35. A system for balancing axial shaft loads, the system comprising:a housing; a partition within the housing defining a low pressure chamber and a high pressure chamber; a fluid reservoir disposed in the high pressure chamber; a rotatable shaft extending from the low pressure chamber into the high pressure chamber through the partition, the shaft comprising: a first end disposed in the high pressure chamber in fluid communication with the fluid reservoir; a second end disposed in the low pressure chamber; and a channel extending substantially axially through the shaft between the first end and the second end; and a reaction member sealed with respect to the shaft, the reaction member forming a compression volume adjacent to the second end, such that fluid entering the compression volume from the channel creates an axial force on the second end approximately equal to a pressure-induced force on the first end.

36. The system for balancing axial shaft loads of claim 35, wherein a fluid force on the reaction member is transmitted to the housing by contact between the reaction member and the housing.

37. The system for balancing axial shaft loads of claim 35, wherein the reaction member is sealed with respect to the shaft by an O-ring seal.
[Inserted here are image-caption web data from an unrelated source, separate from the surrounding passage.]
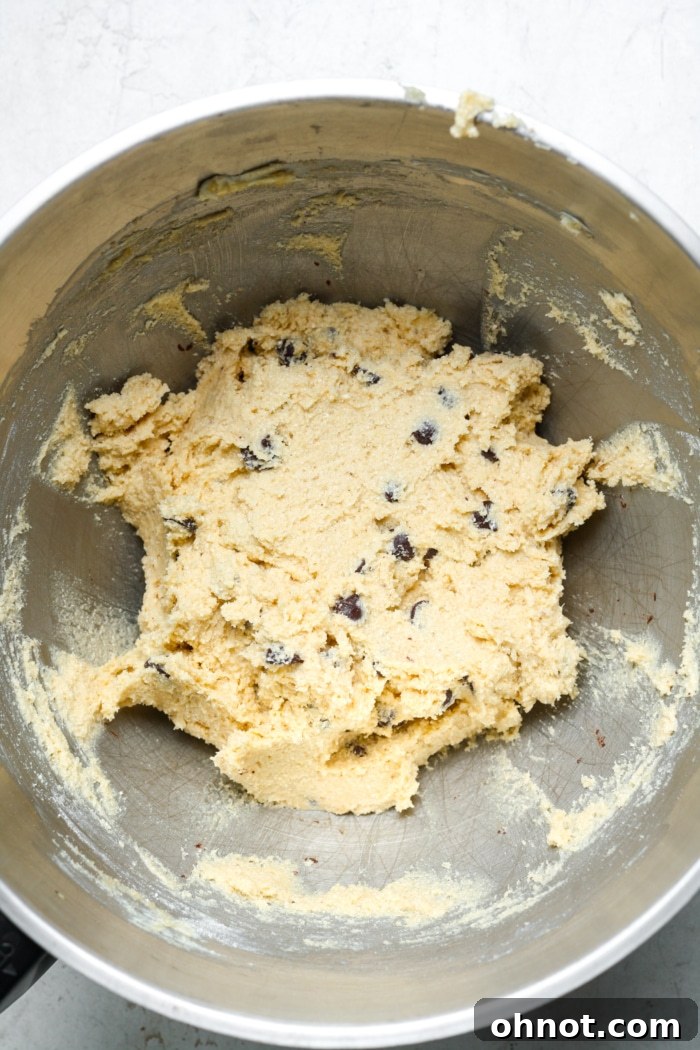 Rich chocolate chip cookie pie dough with dark chocolate chips folded in, ready for baking.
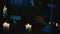 Shot capturing a priest sitting at the table, surrounded by candles, crosses and beads, holding a book in hands, reading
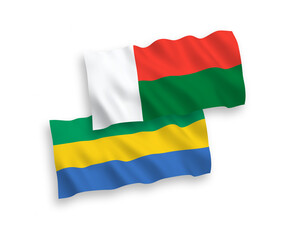 Flags of Gabon and Madagascar on a white background
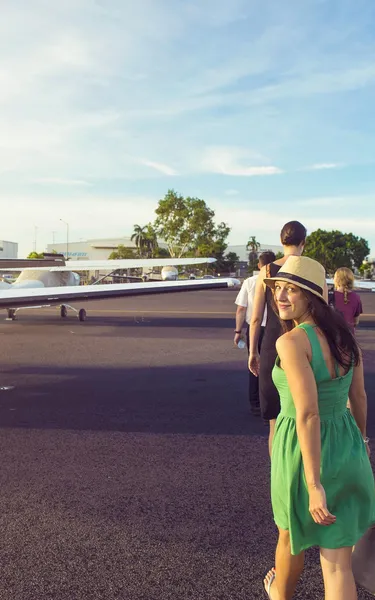 Group of people walking over to a plane at an airport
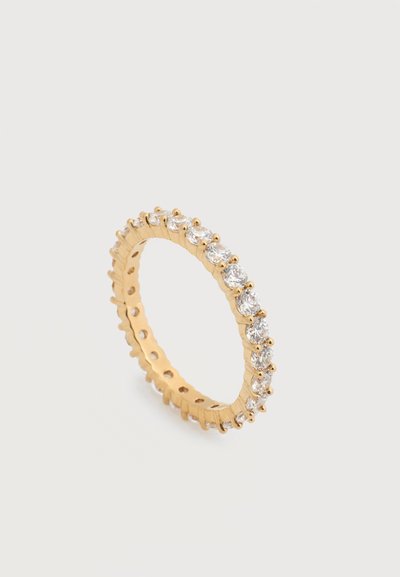 Bague à bande en or avec une rangée continue de pierres précieuses rondes et claires serties tout autour de la bande, sur un fond clair uni.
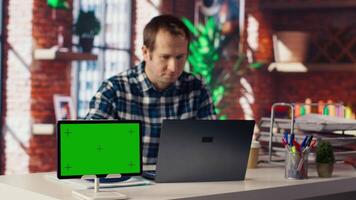 Green screen tablet next to employee completing spreadsheets on laptop and listening music. Chroma key device next to worker in home office wearing headphones editing documents, camera B video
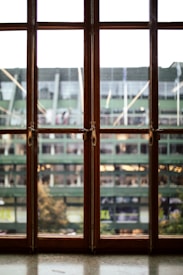 A wooden window with multiple panes overlooks a blurred exterior view of a green structure, possibly a stadium, with flags and banners visible in the distance.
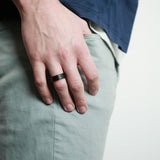 man with hand in pocket wearing a hammered tungsten wedding ring
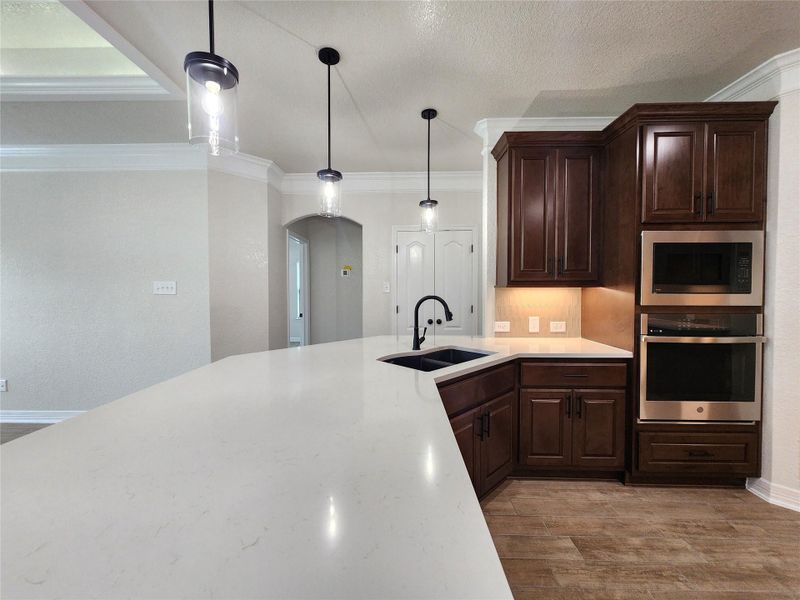 Culinary delights await in this modern kitchen with ample counter space and state-of-the-art appliances. Culinary delights await in this modern kitchen with ample counter space and state-of-the-art appliances.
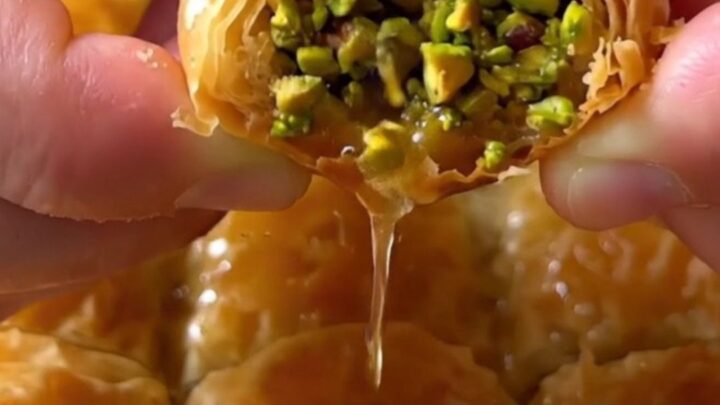 Golden pistachio rolled baklava fingers on a serving platter, drizzled with syrup and sprinkled with ground pistachios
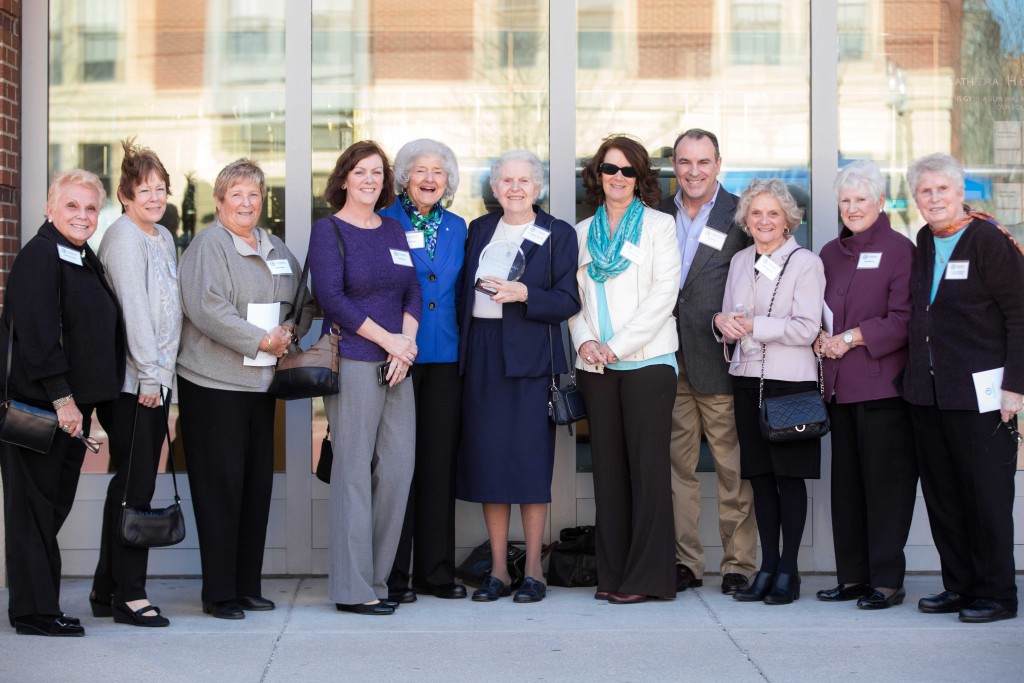Sr. Margaret Tuley, DC '53 stands with friends and family after receiving the 2015 St. Joseph the Worker Alumni Award at Cathedral High School on April 11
38. The system for balancing axial shaft loads of claim 35, wherein the reaction member is sealed with respect to the shaft by a running fit between the reaction member and the shaft.
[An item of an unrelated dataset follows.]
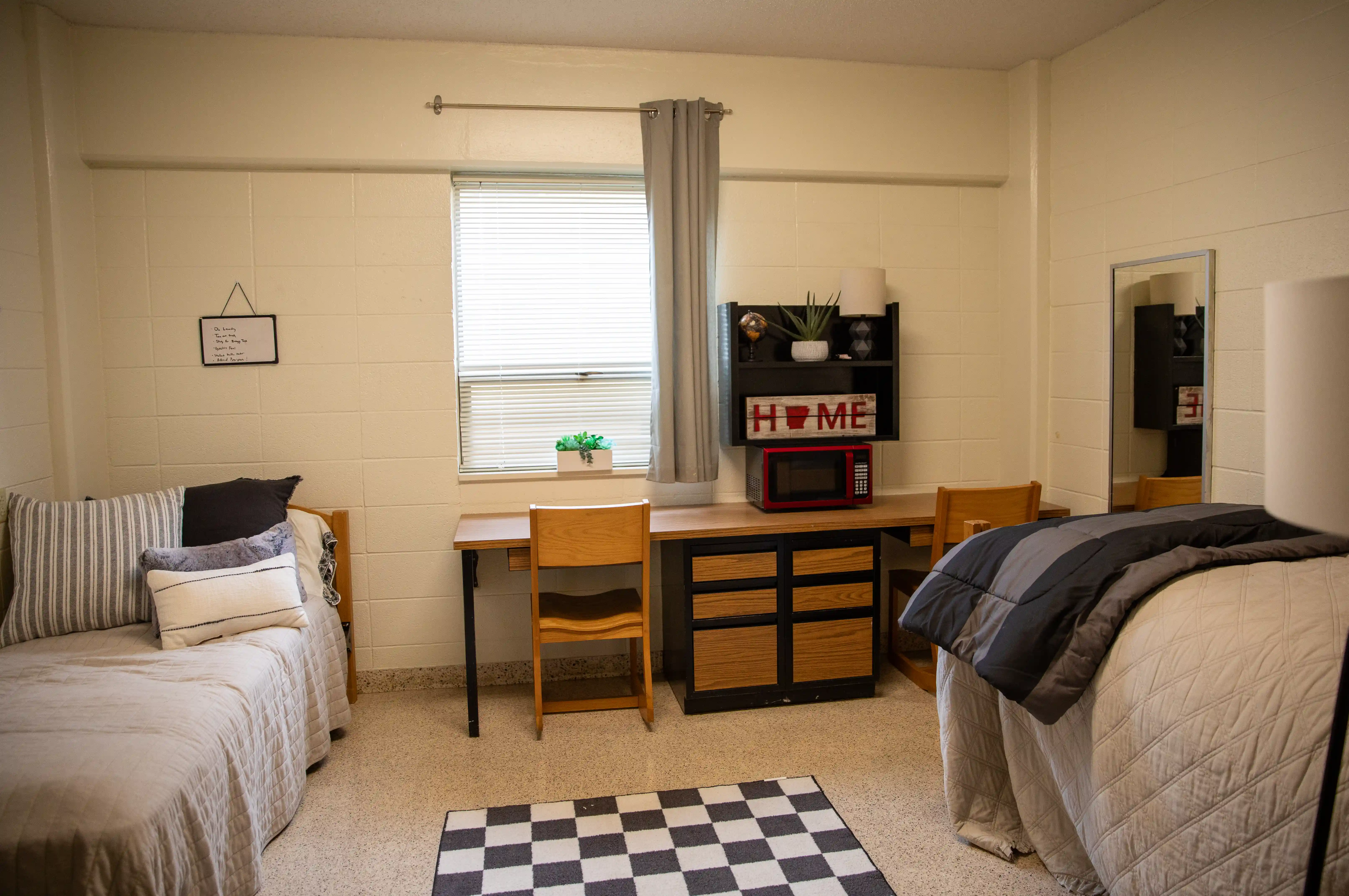 Kays Hall bedroom showing two twin beds and desk with two chairs.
39. The system for balancing axial shaft loads of claim 35, wherein the reaction member is axially movable with respect to the shaft between a first position corresponding to a minimum compression volume and a second position corresponding a maximum compression volume.
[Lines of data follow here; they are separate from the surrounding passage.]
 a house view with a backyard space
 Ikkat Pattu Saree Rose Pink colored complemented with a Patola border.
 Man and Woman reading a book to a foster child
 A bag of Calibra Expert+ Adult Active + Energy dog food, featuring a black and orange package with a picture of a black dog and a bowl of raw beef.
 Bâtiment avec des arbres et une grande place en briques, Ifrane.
40. The system for balancing axial shaft loads of claim 39, wherein the reaction member contacts the housing in the second position.

41. The system for balancing axial shaft loads of claim 39, wherein the reaction member is rotatable relative to the housing.

42. The system for balancing axial shaft loads of claim 39, wherein the reaction member is constrained against rotation relative to the housing.

43. The system for balancing axial shaft loads of claim 42, wherein the reaction member is constrained by at least one retention coupling, comprising a first projection on the reaction member and a second projection on the housing.

44. The system for balancing axial shaft loads of claim 35, wherein the reaction member is fixed to the housing.

45. The system for balancing axial shaft loads of claim 44, wherein the reaction member restrains radial motion of the shaft.

46. The system for balancing axial shaft loads of claim 35, further comprising:a compressor unit within the housing drawing a working fluid into the low pressure chamber, compressing the working fluid, and discharging the working fluid into the high pressure chamber, such that the low pressure chamber is at compressor suction pressure and the high pressure chamber is at compressor discharge pressure.

47. The system for balancing axial shaft loads of claim 35, wherein the cross-sectional area of the first end is approximately equal to the cross-sectional area of the second end.